All of lore.kernel.org
 help / color / mirror / Atom feed
From: Max Reitz <mreitz@redhat.com>
To: Vladimir Sementsov-Ogievskiy <vsementsov@virtuozzo.com>,
	qemu-block@nongnu.org
Cc: kwolf@redhat.com, jsnow@redhat.com, qemu-devel@nongnu.org,
	ehabkost@redhat.com, crosa@redhat.com
Subject: Re: [PATCH v3 6/6] block/qcow2: use seqcache for compressed writes
Date: Mon, 15 Mar 2021 10:58:54 +0100	[thread overview]
Message-ID: <6056196d-a0cc-7de2-5d6f-b223fdee98ff@redhat.com> (raw)
In-Reply-To: <d5acfe9d-2095-a601-20b7-bd0b677df68a@virtuozzo.com>

On 12.03.21 19:43, Vladimir Sementsov-Ogievskiy wrote:
> 12.03.2021 21:15, Max Reitz wrote:
>> On 05.03.21 18:35, Vladimir Sementsov-Ogievskiy wrote:
>>> Compressed writes are unaligned to 512, which works very slow in
>>> O_DIRECT mode.
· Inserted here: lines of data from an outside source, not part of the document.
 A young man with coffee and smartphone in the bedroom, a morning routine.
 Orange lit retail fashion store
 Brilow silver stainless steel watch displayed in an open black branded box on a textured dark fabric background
Let's use the cache.
>>>
>>> Signed-off-by: Vladimir Sementsov-Ogievskiy <vsementsov@virtuozzo.com>
>>> ---
>>>   block/coroutines.h     |   3 +
>>>   block/qcow2.h          |   4 ++
>>>   block/qcow2-refcount.c |  10 +++
>>>   block/qcow2.c          | 158 ++++++++++++++++++++++++++++++++++++++---
>>>   4 files changed, 164 insertions(+), 11 deletions(-)

[...]

>>> @@ -2699,6 +2796,12 @@ static void qcow2_close(BlockDriverState *bs)
>>>           qcow2_inactivate(bs);
>>>       }
>>> +    /*
>>> +     * Cache should be flushed in qcow2_inactivate() and should be 
>>> empty in
>>> +     * inactive mode. So we are safe to free it.
>>> +     */
>>> +    seqcache_free(s->compressed_cache);
>>> +
>>>       cache_clean_timer_del(bs);
>>>       qcow2_cache_destroy(s->l2_table_cache);
>>>       qcow2_cache_destroy(s->refcount_block_cache);
>>> @@ -4558,18 +4661,42 @@ 
>>> qcow2_co_pwritev_compressed_task(BlockDriverState *bs,
>>>           goto fail;
>>>       }
>>> -    qcow2_inflight_writes_inc(bs, cluster_offset, out_len);
>>> +    if (s->compressed_cache) {
>>
>> Why is this conditional?
> 
> We don't have compressed_cache for non o_direct.

Oh right.

>>> +        /*
>>> +         * It's important to do seqcache_write() in the same 
>>> critical section
>>> +         * (by s->lock) as qcow2_alloc_compressed_cluster_offset(), 
>>> so that the
>>> +         * cache is filled sequentially.
>>> +         */
>>
>> Yes.
>>
>>> +        seqcache_write(s->compressed_cache, cluster_offset, out_len, 
>>> out_buf);
>>> -    qemu_co_mutex_unlock(&s->lock);
>>> +        qemu_co_mutex_unlock(&s->lock);
>>> -    BLKDBG_EVENT(s->data_file, BLKDBG_WRITE_COMPRESSED);
>>> -    ret = bdrv_co_pwrite(s->data_file, cluster_offset, out_len, 
>>> out_buf, 0);
>>> +        ret = qcow2_co_compressed_flush_one(bs, false);
>>
>> The qcow2 doc says a compressed cluster can span multiple host 
>> clusters.  I don’t know whether that can happen with this driver, but 
>> if it does, wouldn’t that mean we’d need to flush two clusters here?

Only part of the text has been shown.